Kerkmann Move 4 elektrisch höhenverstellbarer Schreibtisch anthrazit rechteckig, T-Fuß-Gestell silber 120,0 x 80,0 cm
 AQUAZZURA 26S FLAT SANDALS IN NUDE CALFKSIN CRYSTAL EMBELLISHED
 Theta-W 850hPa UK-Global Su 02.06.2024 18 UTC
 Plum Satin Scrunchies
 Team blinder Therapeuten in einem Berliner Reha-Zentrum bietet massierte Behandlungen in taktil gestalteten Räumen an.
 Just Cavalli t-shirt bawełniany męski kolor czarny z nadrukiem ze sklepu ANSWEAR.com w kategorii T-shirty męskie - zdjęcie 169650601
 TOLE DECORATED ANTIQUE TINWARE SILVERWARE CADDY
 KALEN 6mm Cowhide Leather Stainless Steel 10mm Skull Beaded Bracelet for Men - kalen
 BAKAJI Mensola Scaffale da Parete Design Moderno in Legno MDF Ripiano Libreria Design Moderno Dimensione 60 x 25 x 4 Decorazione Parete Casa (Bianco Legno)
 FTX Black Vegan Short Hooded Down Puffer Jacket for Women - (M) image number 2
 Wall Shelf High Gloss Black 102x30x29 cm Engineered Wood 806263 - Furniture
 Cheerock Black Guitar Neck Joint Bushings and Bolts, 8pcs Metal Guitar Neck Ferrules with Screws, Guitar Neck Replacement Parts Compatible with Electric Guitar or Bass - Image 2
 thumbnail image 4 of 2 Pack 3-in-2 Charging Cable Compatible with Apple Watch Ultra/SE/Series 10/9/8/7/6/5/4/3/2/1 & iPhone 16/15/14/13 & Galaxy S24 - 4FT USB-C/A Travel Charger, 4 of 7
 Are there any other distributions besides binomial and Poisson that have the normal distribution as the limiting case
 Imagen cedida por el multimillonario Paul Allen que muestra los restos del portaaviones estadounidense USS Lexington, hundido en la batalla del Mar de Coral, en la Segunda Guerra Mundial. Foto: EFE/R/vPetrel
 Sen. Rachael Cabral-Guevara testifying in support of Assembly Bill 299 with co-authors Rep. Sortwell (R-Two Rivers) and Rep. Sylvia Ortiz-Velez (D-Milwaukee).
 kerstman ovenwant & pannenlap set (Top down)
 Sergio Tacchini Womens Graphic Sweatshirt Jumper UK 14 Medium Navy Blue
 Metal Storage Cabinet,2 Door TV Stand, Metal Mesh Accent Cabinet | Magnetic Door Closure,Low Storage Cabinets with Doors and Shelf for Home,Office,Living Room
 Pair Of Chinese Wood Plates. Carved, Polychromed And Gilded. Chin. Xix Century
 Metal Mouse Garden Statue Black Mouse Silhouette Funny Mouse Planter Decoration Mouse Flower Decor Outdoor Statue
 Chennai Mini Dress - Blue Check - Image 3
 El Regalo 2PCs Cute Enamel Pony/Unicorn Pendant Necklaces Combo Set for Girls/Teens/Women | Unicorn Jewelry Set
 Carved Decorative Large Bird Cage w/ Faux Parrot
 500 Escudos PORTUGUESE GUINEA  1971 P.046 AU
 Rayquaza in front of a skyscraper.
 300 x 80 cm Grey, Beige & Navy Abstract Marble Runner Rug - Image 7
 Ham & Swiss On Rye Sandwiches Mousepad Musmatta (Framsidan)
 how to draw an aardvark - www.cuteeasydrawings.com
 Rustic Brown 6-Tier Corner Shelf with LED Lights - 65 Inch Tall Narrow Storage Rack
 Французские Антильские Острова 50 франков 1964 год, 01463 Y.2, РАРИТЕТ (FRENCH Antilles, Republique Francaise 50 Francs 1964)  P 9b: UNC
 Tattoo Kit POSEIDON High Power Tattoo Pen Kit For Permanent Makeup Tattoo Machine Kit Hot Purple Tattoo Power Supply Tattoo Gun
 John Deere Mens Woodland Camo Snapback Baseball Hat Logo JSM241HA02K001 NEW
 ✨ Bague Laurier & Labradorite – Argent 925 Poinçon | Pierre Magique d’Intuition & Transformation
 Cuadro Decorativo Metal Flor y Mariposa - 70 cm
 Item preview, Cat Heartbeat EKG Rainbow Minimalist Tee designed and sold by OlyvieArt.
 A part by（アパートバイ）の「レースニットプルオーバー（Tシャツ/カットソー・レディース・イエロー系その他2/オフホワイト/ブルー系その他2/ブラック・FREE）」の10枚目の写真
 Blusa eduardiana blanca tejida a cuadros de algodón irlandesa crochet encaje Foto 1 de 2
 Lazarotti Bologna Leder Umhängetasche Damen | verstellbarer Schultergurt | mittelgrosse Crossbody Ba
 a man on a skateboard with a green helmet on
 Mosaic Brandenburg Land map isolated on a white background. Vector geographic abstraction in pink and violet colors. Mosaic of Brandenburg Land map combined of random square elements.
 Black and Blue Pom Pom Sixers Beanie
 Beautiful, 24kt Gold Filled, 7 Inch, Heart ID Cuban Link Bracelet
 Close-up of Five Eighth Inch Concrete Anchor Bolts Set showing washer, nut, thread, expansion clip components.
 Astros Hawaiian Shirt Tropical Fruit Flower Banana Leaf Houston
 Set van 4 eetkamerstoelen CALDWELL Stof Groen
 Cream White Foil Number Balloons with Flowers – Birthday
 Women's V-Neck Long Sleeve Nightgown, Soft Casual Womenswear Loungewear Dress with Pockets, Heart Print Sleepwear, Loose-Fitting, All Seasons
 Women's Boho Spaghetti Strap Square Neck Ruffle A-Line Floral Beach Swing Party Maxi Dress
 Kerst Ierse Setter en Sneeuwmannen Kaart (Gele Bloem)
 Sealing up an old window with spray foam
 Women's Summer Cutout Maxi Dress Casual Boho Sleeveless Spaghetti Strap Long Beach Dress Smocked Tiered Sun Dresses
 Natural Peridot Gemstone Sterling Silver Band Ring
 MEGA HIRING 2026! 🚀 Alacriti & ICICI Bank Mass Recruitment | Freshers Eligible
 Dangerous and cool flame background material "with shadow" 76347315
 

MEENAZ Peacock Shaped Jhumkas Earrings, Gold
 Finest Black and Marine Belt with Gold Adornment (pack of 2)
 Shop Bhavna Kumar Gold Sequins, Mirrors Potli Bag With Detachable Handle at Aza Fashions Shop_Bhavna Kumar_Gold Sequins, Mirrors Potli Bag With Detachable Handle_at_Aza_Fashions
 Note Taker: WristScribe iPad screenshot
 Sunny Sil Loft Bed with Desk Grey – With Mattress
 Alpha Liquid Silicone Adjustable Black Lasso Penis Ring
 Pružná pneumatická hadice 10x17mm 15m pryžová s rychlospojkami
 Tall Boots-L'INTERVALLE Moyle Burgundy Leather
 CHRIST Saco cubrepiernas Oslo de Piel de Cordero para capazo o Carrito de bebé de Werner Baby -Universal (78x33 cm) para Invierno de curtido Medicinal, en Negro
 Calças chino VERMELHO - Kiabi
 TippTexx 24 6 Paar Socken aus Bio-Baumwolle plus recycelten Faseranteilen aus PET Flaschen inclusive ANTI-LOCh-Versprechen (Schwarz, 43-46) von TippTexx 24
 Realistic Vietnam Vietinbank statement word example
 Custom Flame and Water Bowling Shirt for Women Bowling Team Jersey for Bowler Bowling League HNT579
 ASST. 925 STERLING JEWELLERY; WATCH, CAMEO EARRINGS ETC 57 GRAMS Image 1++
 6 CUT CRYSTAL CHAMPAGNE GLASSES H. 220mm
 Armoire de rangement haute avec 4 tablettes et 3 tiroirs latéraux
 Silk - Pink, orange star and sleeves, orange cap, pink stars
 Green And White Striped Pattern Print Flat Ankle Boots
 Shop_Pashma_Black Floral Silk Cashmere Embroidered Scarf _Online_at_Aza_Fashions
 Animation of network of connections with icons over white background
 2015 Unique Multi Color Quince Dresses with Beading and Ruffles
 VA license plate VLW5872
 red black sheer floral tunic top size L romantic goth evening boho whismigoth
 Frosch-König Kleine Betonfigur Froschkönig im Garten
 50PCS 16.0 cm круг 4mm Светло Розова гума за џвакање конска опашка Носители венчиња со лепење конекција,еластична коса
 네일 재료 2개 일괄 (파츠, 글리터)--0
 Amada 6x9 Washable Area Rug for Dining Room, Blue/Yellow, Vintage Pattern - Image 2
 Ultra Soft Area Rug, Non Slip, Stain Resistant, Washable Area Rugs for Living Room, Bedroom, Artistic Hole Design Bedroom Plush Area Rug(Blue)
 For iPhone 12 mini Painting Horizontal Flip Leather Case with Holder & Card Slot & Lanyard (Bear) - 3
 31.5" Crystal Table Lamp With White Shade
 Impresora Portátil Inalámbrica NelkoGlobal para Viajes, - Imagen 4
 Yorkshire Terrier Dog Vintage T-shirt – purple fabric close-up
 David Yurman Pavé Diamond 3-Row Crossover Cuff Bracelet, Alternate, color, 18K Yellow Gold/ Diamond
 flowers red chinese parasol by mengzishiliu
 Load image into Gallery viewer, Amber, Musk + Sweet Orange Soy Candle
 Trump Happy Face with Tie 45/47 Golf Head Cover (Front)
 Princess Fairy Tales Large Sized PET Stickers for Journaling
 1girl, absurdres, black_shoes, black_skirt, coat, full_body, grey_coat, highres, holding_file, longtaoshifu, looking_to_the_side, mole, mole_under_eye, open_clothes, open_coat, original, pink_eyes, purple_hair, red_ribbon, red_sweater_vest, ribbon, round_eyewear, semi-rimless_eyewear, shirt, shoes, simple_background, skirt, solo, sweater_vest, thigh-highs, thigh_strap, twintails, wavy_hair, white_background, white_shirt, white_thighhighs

————————

▶ _Task requirements_
Please copy, without any change, the lines of the material from the first through the one containing "Team blinder Therapeuten". Write nothing else.

▶ _Written answer_
Kerkmann Move 4 elektrisch höhenverstellbarer Schreibtisch anthrazit rechteckig, T-Fuß-Gestell silber 120,0 x 80,0 cm
 AQUAZZURA 26S FLAT SANDALS IN NUDE CALFKSIN CRYSTAL EMBELLISHED
 Theta-W 850hPa UK-Global Su 02.06.2024 18 UTC
 Plum Satin Scrunchies
 Team blinder Therapeuten in einem Berliner Reha-Zentrum bietet massierte Behandlungen in taktil gestalteten Räumen an.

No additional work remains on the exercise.